Received two bar games-related questions in the past few days - both fitting "what are the odds?" style probability inquiries.
Yahtzee $5 Dice Roll
First: the game is a dice roll, with the aim to roll 5 dice to get a Yahtzee (all 5 dice match). You get 5 attempts, but unlike Yahtzee, you don't get to keep any matching dice - you have to reset your roll each time. Entry fee is $5, and the winner gets the pot of all entry fees (minimum pot size is $50). What does the pot size have to be for you to want to enter?

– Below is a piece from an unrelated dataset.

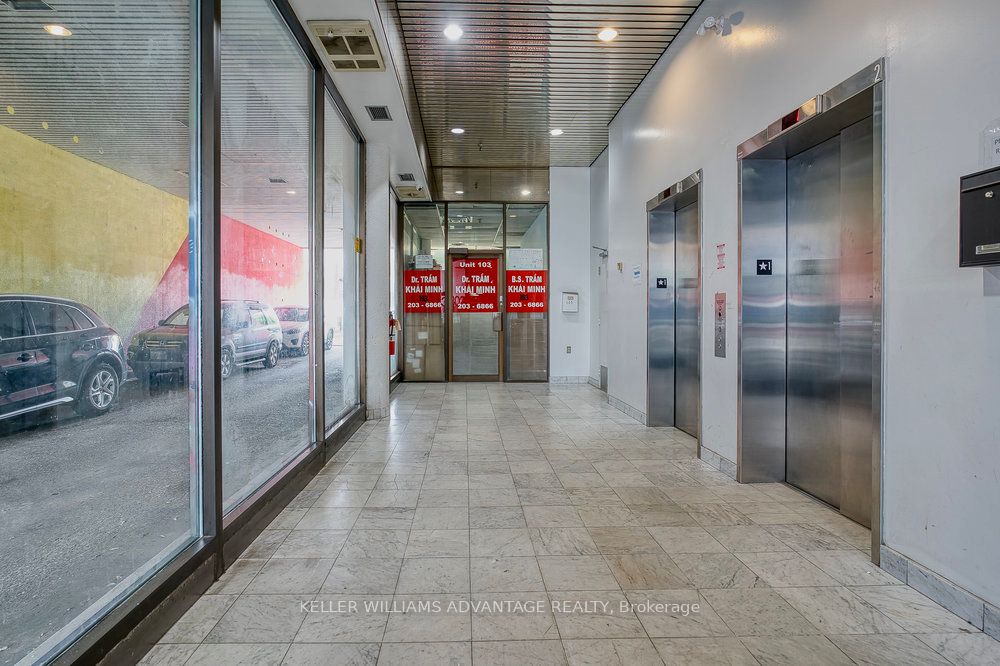 302 Spadina Unit 103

What we're looking for is at what point the expected value (E[V]) is positive. The odds of rolling a Yahtzee on one roll is if any one number matches on 5 dice, with 6 possible number matches. Thus (1/6) ^ 5 = 1 / 7776, times 6 = 6 / 7776 = 1 / 1296, or 0.08%. Verified here. Thus the odds of NOT winning on one roll is 1 - 0.08% = 99.92%.
Since there is no rollover, the math is pretty straight forward. The odds you LOSE 5 times is 99.92% ^ 5 = 99.6%. So the odds you WIN is 1 - 99.6% = 0.4%.
Your expected loss is 99.6% * -$5 = -$4.98, so we want to calculate at what point your expected winnings would be more than $4.98, and thus create a breakeven point. This can be calculated by your expected loss / odds you win, so $4.98 / 0.4% = $1,293. This is how large the pot needs to be before you'd be indifferent between lighting $5 on fire and playing the dice game; way higher than the $50 minimum pot size.
Odds You Miss Every Single Trivia Question
Second: the game is bar trivia, with 20 questions with 4 multiple choice answers each. Say you're trying to tank the game and miss every single question (for draft position next round maybe??) and you christmas-tree each question at random. What are the odds you get at least one question correct by accident?
If each guess is truly random, you have a 75% chance of getting a single question wrong. So the odds you get EVERY question wrong are 75% ^ 20 = 0.3%, meaning that it is extremely likely you will get at least one question right, at 1 - 0.3% = 99.7%.
There is actually a better chance you win the dice game than miss every trivia question!